# Awesome Monark Super Deluxe find!



## Crazy8 (Aug 29, 2013)

Just picked this one up off CL for $150


----------



## jpromo (Aug 29, 2013)

Clean! Gotta love those beautiful originals.


----------



## bricycle (Aug 29, 2013)

....even though a bit more than Vince paid, I think you just might have him beat!
Nice score!!!


----------



## rustjunkie (Aug 29, 2013)

huge congratulations, that is a _gem_!


----------



## HARPO (Aug 29, 2013)

$150????????? Unreal.....and congrats on getting that little gem before anyone else saw it.


----------



## Wayne Adam (Aug 29, 2013)

*Wow!*

Man, that is one clean lady!...You stole that baby, good deal!.........Wayne


----------



## vincev (Aug 29, 2013)

Very nice!! Do you have the top of the headlight?


----------



## Crazy8 (Aug 29, 2013)

vincev said:


> Very nice!! Do you have the top of the headlight?




Unfortunately, no.  When I get some more $$$$ I'll find one to fix that up.  Though I'm not sure which is the correct one to get, or if either of these are right to begin with....

http://www.ebay.com/itm/NOS-REPLACEMENT-MONARK-FENDER-LIGHT-/111155038983?pt=LH_DefaultDomain_0&hash=item19e15b4b07

http://www.ebay.com/itm/SALE-Mint-NOS-Delta-Martin-Bicycle-Light-Fit-Schwinn-Middleweights-Monark-/370885074140?pt=LH_DefaultDomain_0&hash=item565a791cdc


----------



## scrubbinrims (Aug 29, 2013)

Nice shape and worth the 150.00...I would have bought it.
However, a ladies Monark SD is more common than a Schwinn Phantom and the money part is gone (light complete) and the specific pedals have been swapped to plain Wald.

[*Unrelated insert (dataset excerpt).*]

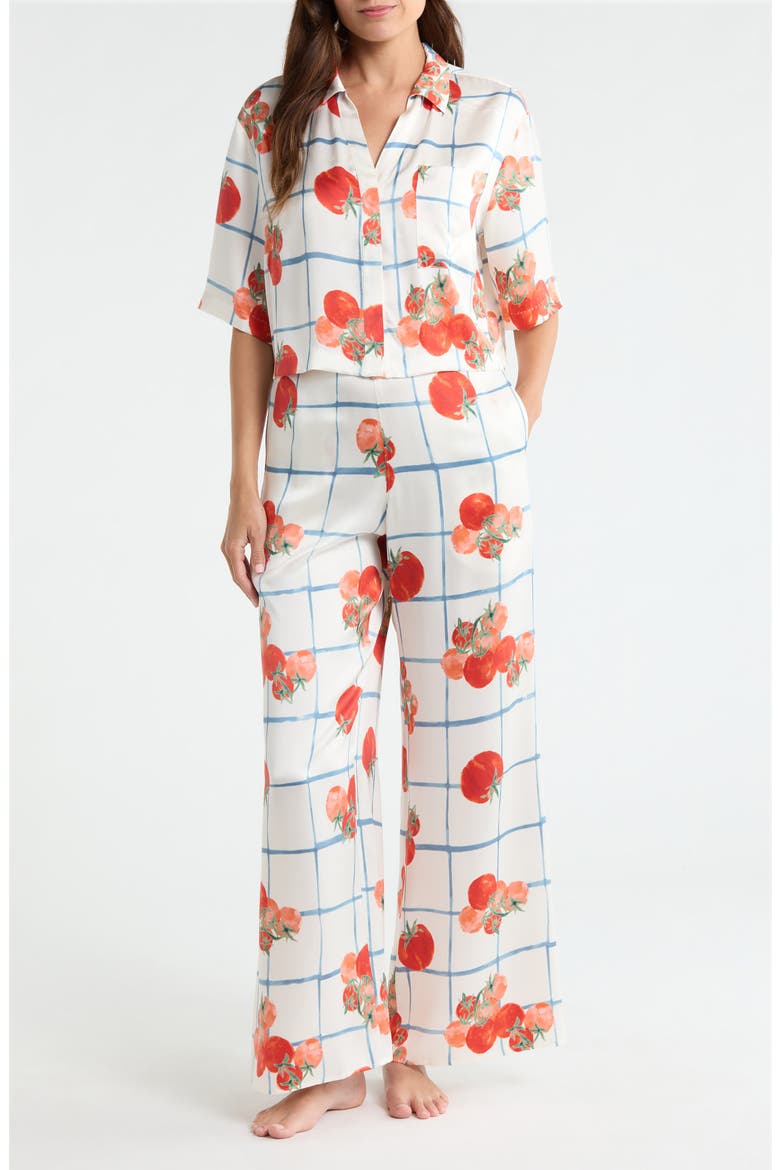 Washable High Waist Silk Pajamas, Main, color, SUMMER HARVEST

If you are looking to sell as your other finds, it might be a challenge to make much after shipping is factored in.

Chris


----------



## Crazy8 (Aug 29, 2013)

scrubbinrims said:


> Nice shape and worth the 150.00...I would have bought it.
> However, a ladies Monark SD is more common than a Schwinn Phantom and the money part is gone (light complete) and the specific pedals have been swapped to plain Wald.
> 
> If you are looking to sell as your other finds, it might be a challenge to make much after shipping is factored in.
> ...




I haven't sold any of my bikes yet.  Still have the B10E actually.  Been in and out of dentist and oral surgeons for the past month.  Living on Vicadin and Amoxacillin until they get the issue figured out.  In pain every hour of the day.  Apparently the root under one of my mollars is dying and they are trying to save it.  Since I can't do much, I sit on the computer and look for bikes.


----------



## Wayne Adam (Aug 29, 2013)

*Crazy8...Light*

Your light could look like the one on my '49 Super Deluxe. 
Your may not have the chrome strip on top. I believe that '49 was the only year for
the heave chrome trim on the top of the light. Here are some pictures of my '49......Wayne


----------



## Crazy8 (Aug 29, 2013)

Wayne Adam said:


> Your light could look like the one on my '49 Super Deluxe.
> Your may not have the chrome strip on top. I believe that '49 was the only year for
> the heave chrome trim on the top of the light. Here are some pictures of my '49......Wayne





Maybe I'll find something at the Tuckerton bike show Sept. 8th.  Maybe even those jeweled pedals I need (yeah right).  You going?


----------



## rollfaster (Aug 31, 2013)

*wow!*



Crazy8 said:


> Just picked this one up off CL for $150
> 
> View attachment 111129View attachment 111130View attachment 111131View attachment 111132View attachment 111133




great find ,so clean.


----------



## cptnhwdy69 (Sep 1, 2013)

Nice find I actually just came by the same bike but mine was red and a mans.Unfortunately mine was missing key parts and paint wasn't original.I am still pondering if it is worth the restoration.I wanna say that bike is 1948 with the separate rear bumper/reflector and paint scheme and first year for the head shroud I believe.That bike is in amazing original condition,to bad that wasn't a boys lol you would have a huge piece.I do not usually purchase women's bikes,but when they come like that,it's a pure investment as that bike will only go up in value.Cheers=]


----------



## ZOOK (Sep 2, 2013)

She looks nice with the original paint and congrads on a good find.


----------